TASK INSTRUCTIONS >>
Return only the lines from the one that contains "Decorative Tapestry Throw" through the last line of the records below, exactly as they stand. Pictures are not part of the copy.
————
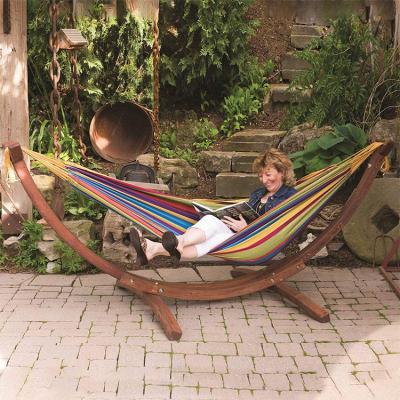 China Strong Cotton Canvas Wooden Frame Leaning Nylon Hammock With Stand for sale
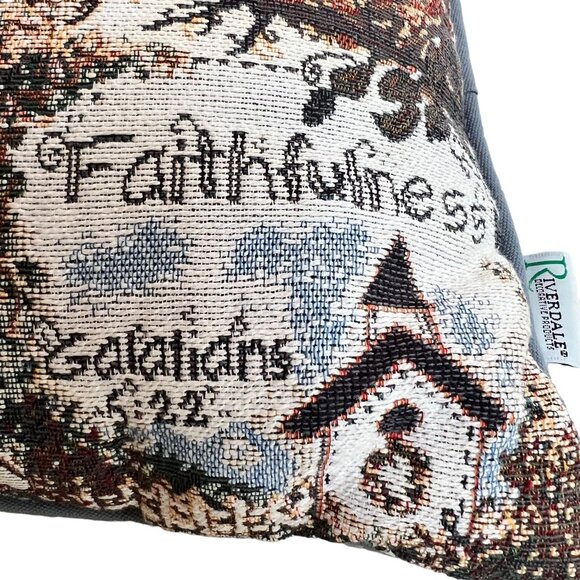 Decorative Tapestry Throw Pillow "Ingredients For A Happy Home" - Picture 13 of 14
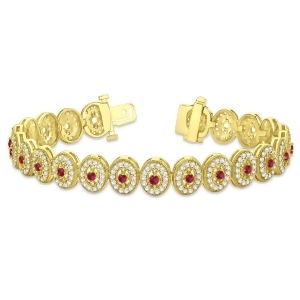 Ruby Halo Vintage Bracelet 18k Yellow Gold 6.00ct - All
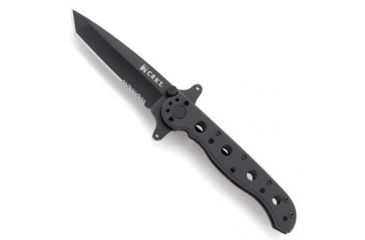 Image of CRKT M16 Stainless - Tanto, Combination Edge, Black Handle, Black Oxide Blade, Framelock - M16-10KSC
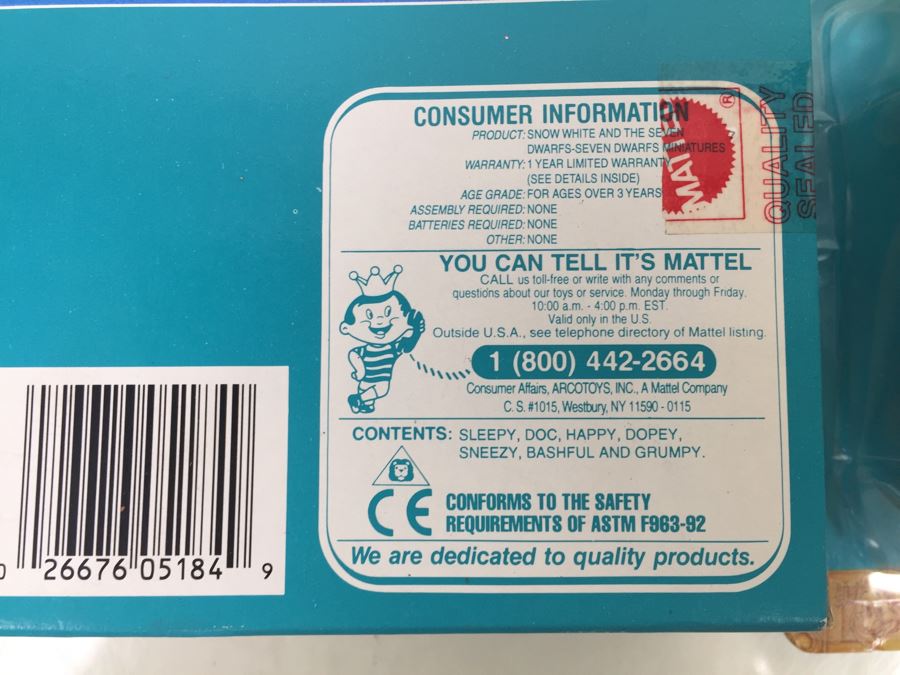 Walt Disney's Snow White And The Seven Dwarfs 'The Seven Dwarfs' Mattel 5184 +'Snow White, Queen & Prince' 5364 Mattel Vintage New In Box [Photo 11]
————
EXPECTED ANSWER >>
 Decorative Tapestry Throw Pillow "Ingredients For A Happy Home" - Picture 13 of 14
 Ruby Halo Vintage Bracelet 18k Yellow Gold 6.00ct - All
 Image of CRKT M16 Stainless - Tanto, Combination Edge, Black Handle, Black Oxide Blade, Framelock - M16-10KSC
 Walt Disney's Snow White And The Seven Dwarfs 'The Seven Dwarfs' Mattel 5184 +'Snow White, Queen & Prince' 5364 Mattel Vintage New In Box [Photo 11]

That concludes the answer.